Afghanistan-Krieg: Kundus-Hinterbliebene reichen Klage ein

Zwei Jahre nach dem Nato-Angriff auf zwei Tanklaster am Kundus-Fluss fordern die Hinterbliebenen jetzt Schadenersatz. Deutschland soll bis zu 50 000 Euro pro Person zahlen.

Gut zwei Jahre nach dem tödlichen Nato-Luftangriff am afghanischen Kundus-Fluss haben Bremer Juristen jetzt ihre erste, lang erwartete Schadenersatzklage für zunächst zwei Hinterbliebene der Opfer eingereicht. Demnach soll die Bundesrepublik zwischen 40 000 und 50 000 Euro zahlen, wie der deutsch-afghanische Bremer Anwalt Karim Popal dem Tagesspiegel mitteilte. Eingereicht hat Popal die Klage gemeinsam mit dem Juraprofessor Peter Derleder vor dem Landgericht in Bonn, dem Hauptsitz des Verteidigungsministeriums.

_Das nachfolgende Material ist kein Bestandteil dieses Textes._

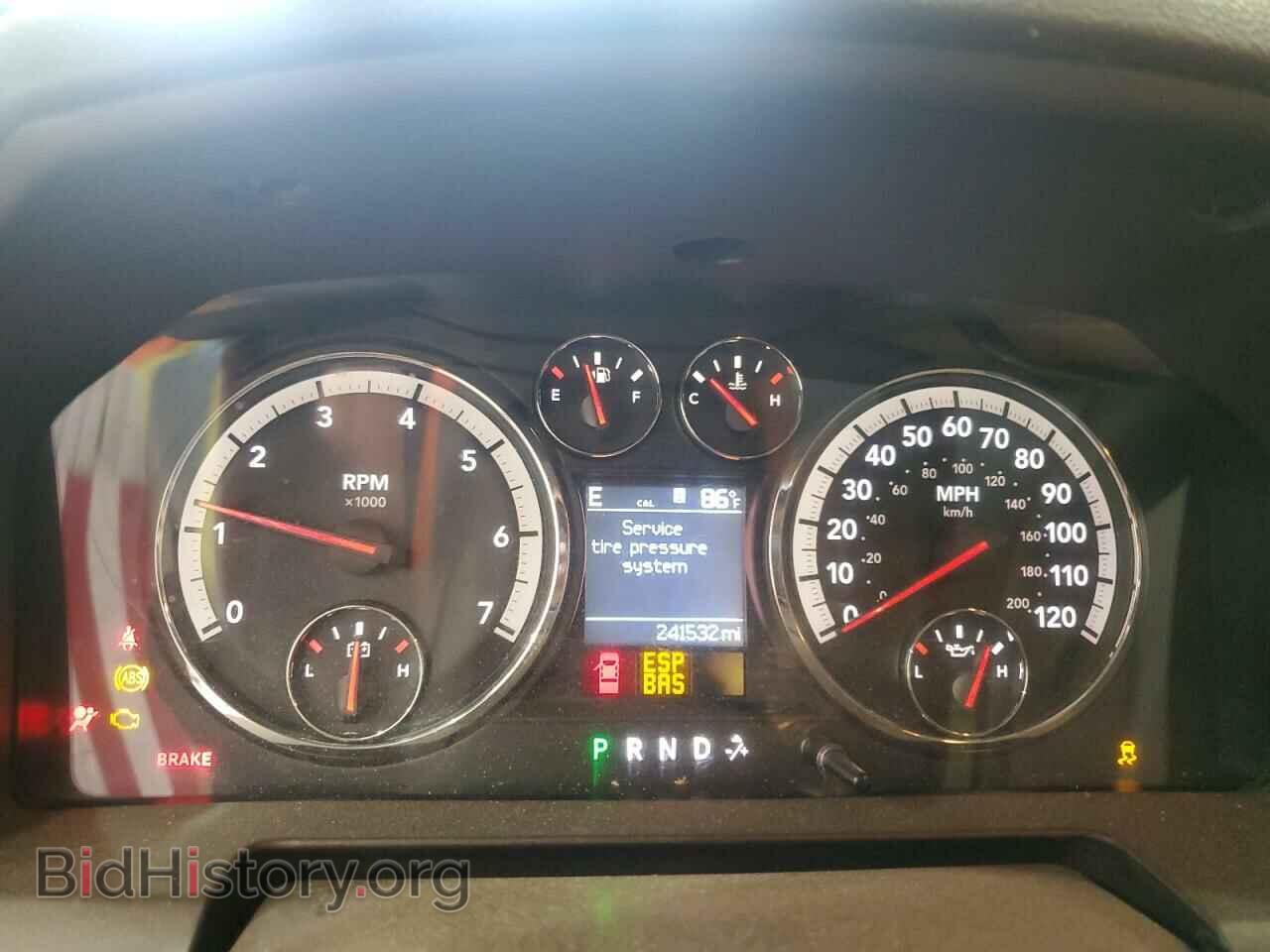 2010 DODGE All Models - VIN: 1D7RB1CT1AS178699 - Photo 9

Aus Kostengründen, so Popal, klagen die Juristen zunächst nur im Namen von zwei Hinterbliebenen. Weitere Klagen sollen aber folgen, sobald die nötigen Spenden für die Gerichtskosten gesammelt sind.

Im September 2009 hatte der Bundeswehr-Oberst Georg Klein in Afghanistan angeordnet, dass US-Kampfjets zwei von Taliban entführte Tanklastwagen bombardieren sollten. Bei dem Angriff kamen auch Dutzende Zivilisten ums Leben. Laut der Klage befahl Klein den Angriff, obwohl die Piloten selbst davor gewarnt hatten, weil zu viele Zivilisten am Zielort waren. „Dieser Luftangriff erwies sich dann als schlimmstes Blutbad einer Zivilbevölkerung seit 1945, das auf einen deutschen Befehl zurückgeht“, kommentierten Popal und Derleder ihre Klage. Oberst Klein habe damit grob fahrlässig gegen das humanitäre Völkerrecht verstoßen, und Deutschland müsse jetzt dafür haften.

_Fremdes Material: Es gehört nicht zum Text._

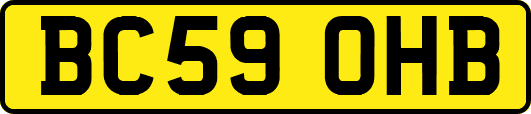 BC59OHB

Popal vertritt nach eigenen Angaben insgesamt 79 Familien von 113 Getöteten. In der jetzt eingereichten ersten Klage fordert ein 38-jähriger Bauer, der zwei Söhne verloren hat, 40000 Euro Schmerzensgeld. Eine 35-Jährige, deren Mann getötet worden sei, soll 50000 Euro bekommen, damit sie ihre sechs Kinder weiter ernähren kann.

Popal hatte zunächst versucht, Schadenersatz auf dem Verhandlungsweg durchzusetzen. Doch der damalige Verteidigungsminister Karl-Theodor zu Guttenberg brach die Gespräche im Frühjahr 2010 ab. Ein halbes Jahr später zahlte das Ministerium dann freiwillig jeweils 5000 US-Dollar (damals rund 3600 Euro) an die Familien von 91 Opfern. Laut Popal erhielt die von ihm vertretene Witwe kein Geld, wohl aber der Bauer. Doch sei dieser Betrag viel zu niedrig.

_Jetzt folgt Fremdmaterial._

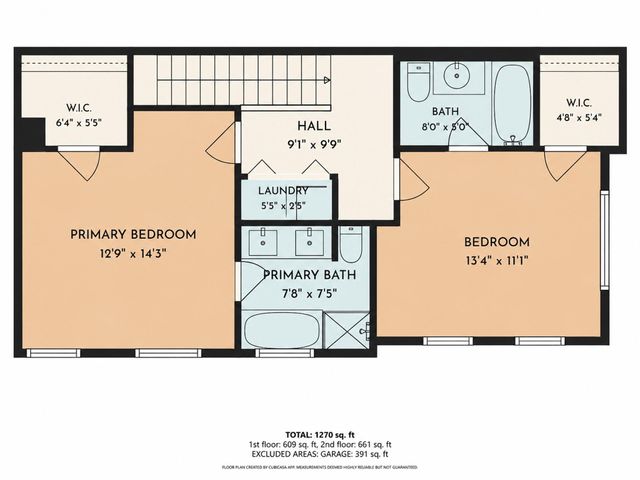 16100 S Great Oaks DR 2502, Round Rock, TX 78681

Bereits im April 2010 hatte der Generalbundesanwalt ein Strafverfahren gegen Oberst Klein eingestellt: Er habe subjektiv nicht mit der Anwesenheit von Zivilisten rechnen müssen. Dabei sei seine Sichtweise beim Angriffsbefehl zugrunde zu legen, „nicht ein erst nachträglich erkennbarer tatsächlicher Verlauf“. Beschwerden gegen die Einstellung blieben bisher erfolglos; in Karlsruhe ist laut Popal aber noch eine Verfassungsbeschwerde anhängig.